[Task directions]: What you return must match the listing below line for line, minus its pictures.

[Information supplied]:
= Beginning of Section =
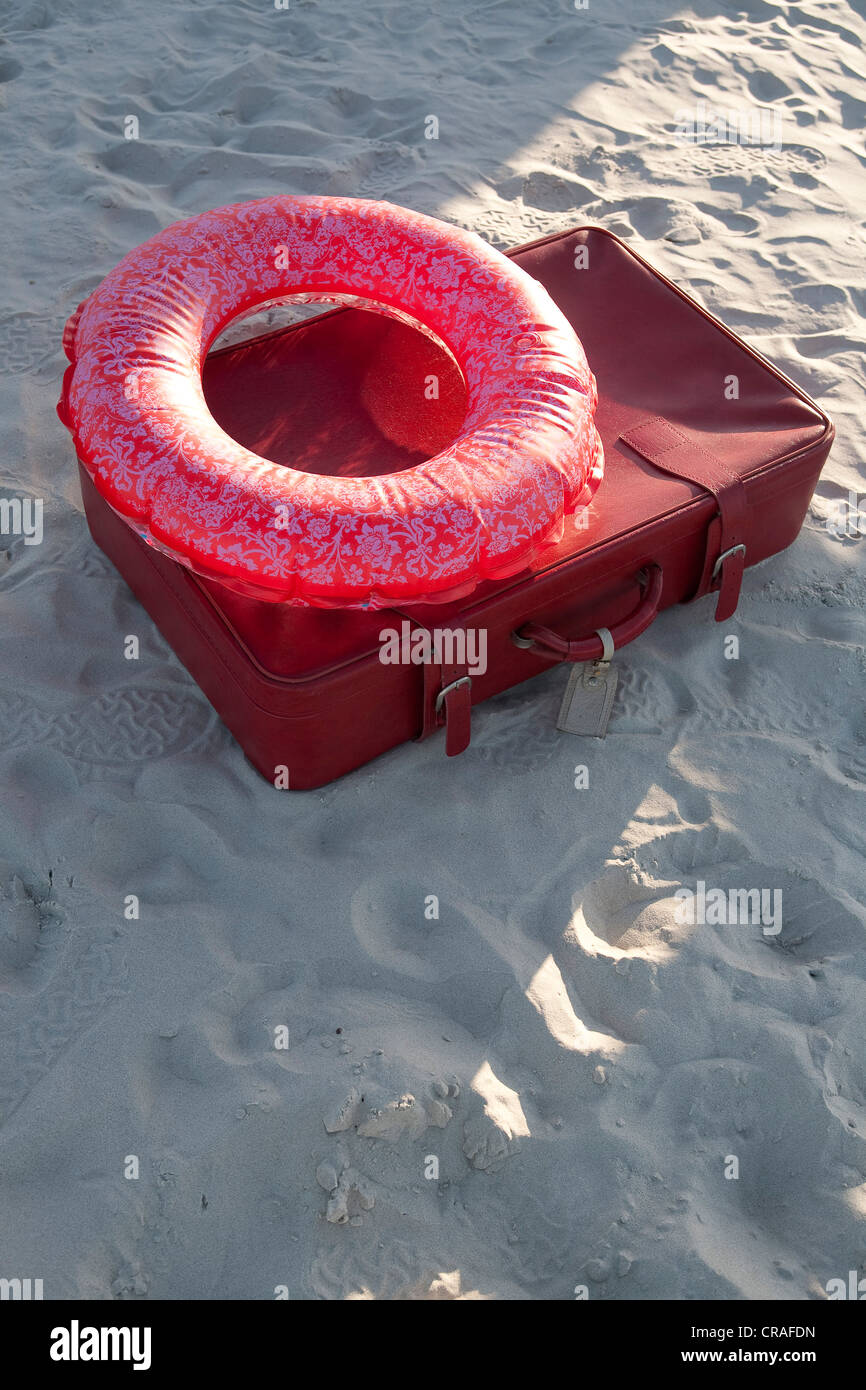 Suitcase with swim ring, beach, summer vacation Stock Photo Alamy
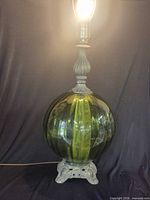 Full view of green art glass lamp illuminated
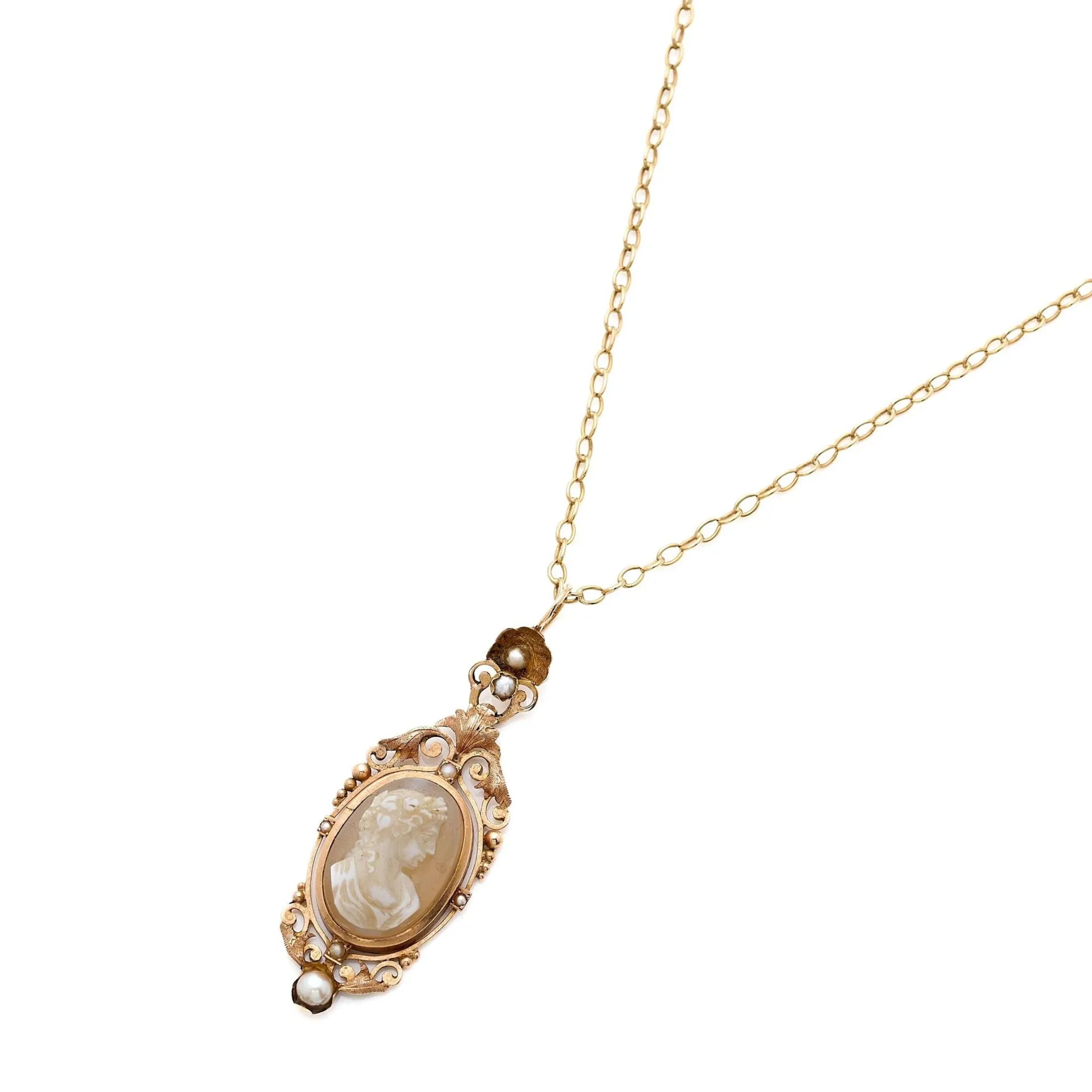 Collier pendentif en or 18k (750e), retenant un camée agate 2 couches figurant le profil d'une femme coiffée dans un entourage de volutes ponctuées de petites perles. Accompagné d'une chaîne maille forçat, fermoir anneau ressort. Travail français du milieu du XIXème siècle pour le pendentif. Poids brut : 9.10 g. Longueur : 49 cm.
= End of Section =
[Response for this exercise]:
 Suitcase with swim ring, beach, summer vacation Stock Photo Alamy
 Full view of green art glass lamp illuminated
 Collier pendentif en or 18k (750e), retenant un camée agate 2 couches figurant le profil d'une femme coiffée dans un entourage de volutes ponctuées de petites perles. Accompagné d'une chaîne maille forçat, fermoir anneau ressort. Travail français du milieu du XIXème siècle pour le pendentif. Poids brut : 9.10 g. Longueur : 49 cm.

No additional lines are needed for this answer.